Like libc, or whatever, or change licenses to an "Oracle Exclusion License" so stupid things like "Copyrighting APIs" get dropped and common sense rules again.
If Oracle open sourced Java, how can they be suing anyone?
Of what the TPP is going to do.
"If any question why we died, Tell them because our fathers lied."
WTF do they have to do with this case? This isn't a criminal proceeding, it's a civil matter.
This isn't about "protecting" Oracle (though there may be some $$$ influence involved), but rather more about protecting the copyright racket, strengthening it beyond the accepted scope.
APIs should not ever be copyrighted. Once you start doing that, it's only a matter of time before Disney copyrights all cartoon renderings of a mouse, or Nickelback gets to copyright all formulaic/generic rock.
Unfortunately... the Justice Department, likely at the behest of the White House, is intervening to influence copyright law and give corporations even more power. Ugh. It's like our government is pushing to see how far it can go to enslave citizens (the real, human kind, not the corporate nonsense kind) before they decide they've had enough of this shit.
I'd be inclined to chalk this up as a "First World Problem" but clamping down on technology denies everybody equal access. This is a serious infringement of our freedoms that will have a chilling effect on the progress of technology to help people in their daily lives everywhere in the world. It's not just about Java - it's about any programming language interface.
TL;DR: US executive shares the appeals court opinion that APIs are copyrightable, but that does not mean the copyright is enforceable - there will be another court case that will be about if it's fair use to re-implement the (copyrighted) API.
Here is maybe the most important paragraph (italics mine):
The brief is quite well readable (modulo the awful scribus ui), try it!
It's not the fall that kills you. It's the sudden stop at the end. -Douglas Adams
DOJ: We recommend you don't take this important copyright case.
SCOTUS: Oh really, why is that?
DOJ: Corporate interest mostly, we are looking to create a new form of monopoly power, and Larry Ellison has some really cool Sailboats.
SCOTUS: Thanks for your recommendation, we are looking forward to hearing this case and just added it to the docket.
If you go back and read the extensive coverage of the original trial, you would discover that you are arguing for the opposite of what the original court decided.
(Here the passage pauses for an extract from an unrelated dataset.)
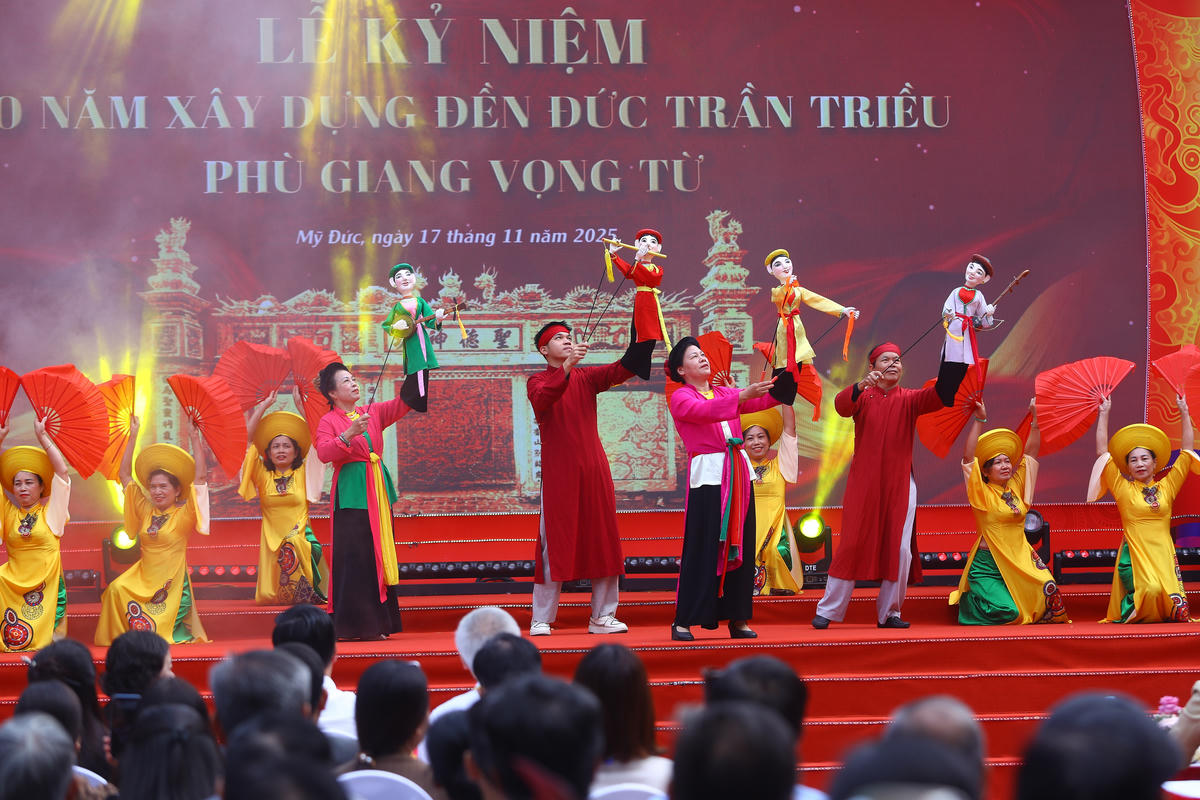 Theo Ban Tổ chức, Lễ kỷ niệm diễn ra trong 2 ngày 16 và 17/11 (tức ngày 27 và 28 tháng 9 năm Ất Tỵ). Ngày 16/11, đã diễn ra nghi lễ Tế Đức Thánh Trần và hầu khai mở Lễ kỷ niệm, với sự tham gia đại biểu TP Hà Nội, đông đảo Nhân dân của xã Mỹ Đức, các vùng lân cận và hậu duệ của Thánh Tổ Trần Quốc Tuấn.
The decision was that the API _interface_ itself is not copyrightable, but the implementation behind that interface was. That is what open source (and any sane closed source) software project requires. The judge took the time to learn how to program Java as part of his research, and crafted a well-reasoned and documented response.
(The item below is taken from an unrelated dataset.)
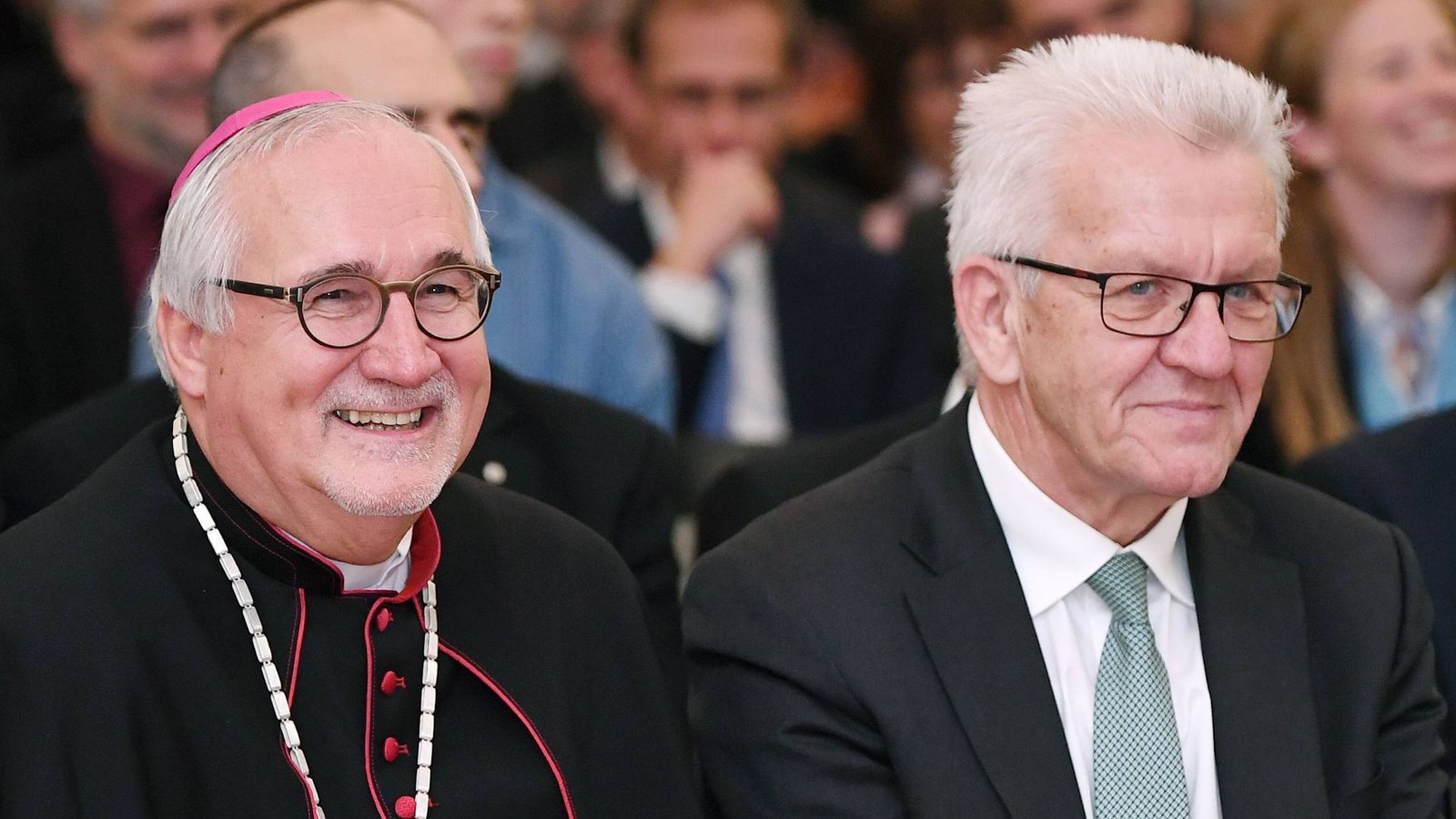 Bischof Gebhard Fürst (li.) und der baden-württembergische Ministerpräsident Winfried Kretschmann kennen sich gut. (Symbolbild)Foto: imago//Markus Ulmer Bischof Gebhard Fürst (li.) und der baden-württembergische Ministerpräsident Winfried Kretschmann kennen sich gut. (Symbolbild)Foto: imago//Markus Ulmer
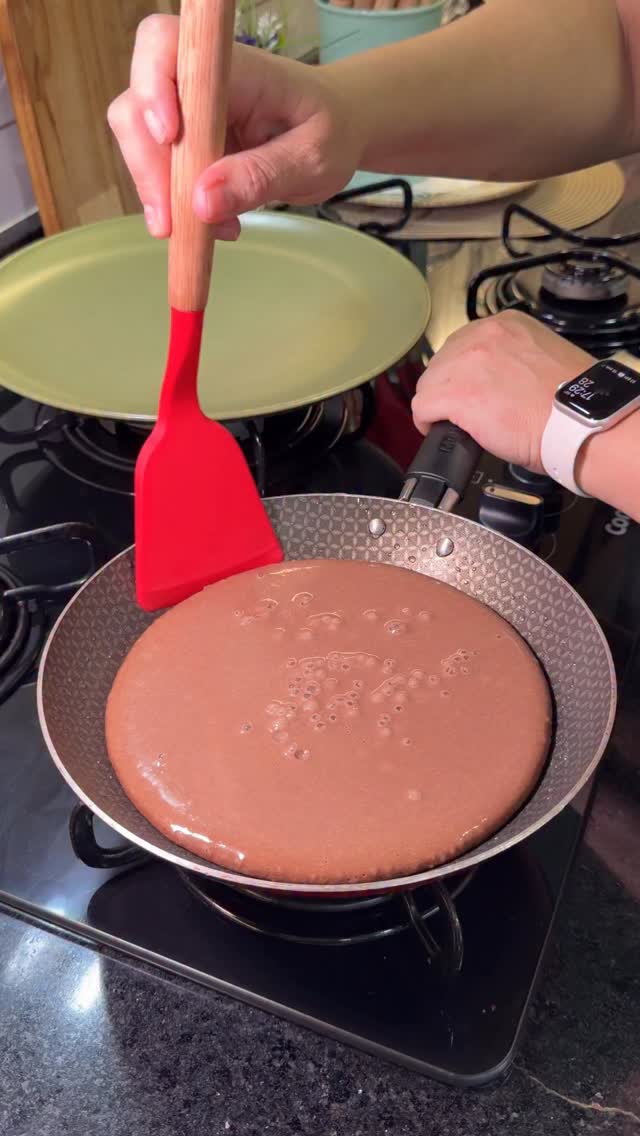 Panqueca americana de chocolate Ingredientes: 1 xícaras de trigo, 1 xícara de leite, 1 ovos, 1 colhe…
A pattern of Congress continually extending term lengths retroactively is not the same as a law declaring that copyrights do not expire, because the action that occurs if Congress does not act is that copyrights expire. Whereas in the latter scenario Congress has to act in order to make copyrights expire.
Each house of Congress also has to act every two years in order to set its rules. The requirement of a periodic formality to prevent copyrights from expiring does not change the practical outcome, just as the requirement of a periodic formality to readopt House and Senate rules every two years does not keep the House and Senate from having rules.
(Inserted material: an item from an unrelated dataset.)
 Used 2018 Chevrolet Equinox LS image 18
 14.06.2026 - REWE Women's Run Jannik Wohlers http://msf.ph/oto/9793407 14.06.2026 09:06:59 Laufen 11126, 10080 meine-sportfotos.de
Nobody actually wants perpetual copyright terms, except maybe Disney.
And the Gershwin estate. And the leadership of the Motion Picture Assocation of America (to find sources, search the web for the phrase "forever less one day"). And Dr. Seuss Enterprises, whose argument in its Eldred amicus was that an author and his heirs deserve royalties from adaptations of the author's work to media invented decades after the work's first publication.
Or Google has been resisting the NSA a little too much.
This.
It's pretty obvious that this is a punishment for adding encryption to Android devices, and for going to SSL for all web transactions, making it much more difficult to spy, despite administrative objections.
The recommendation is clearly punitive because Google has pissed the executive off, and consistently opted on the side of data protection, and has disclosed many of the recently discovered OpenSSL and SSSL protocol flaws which made eavesdropping easier.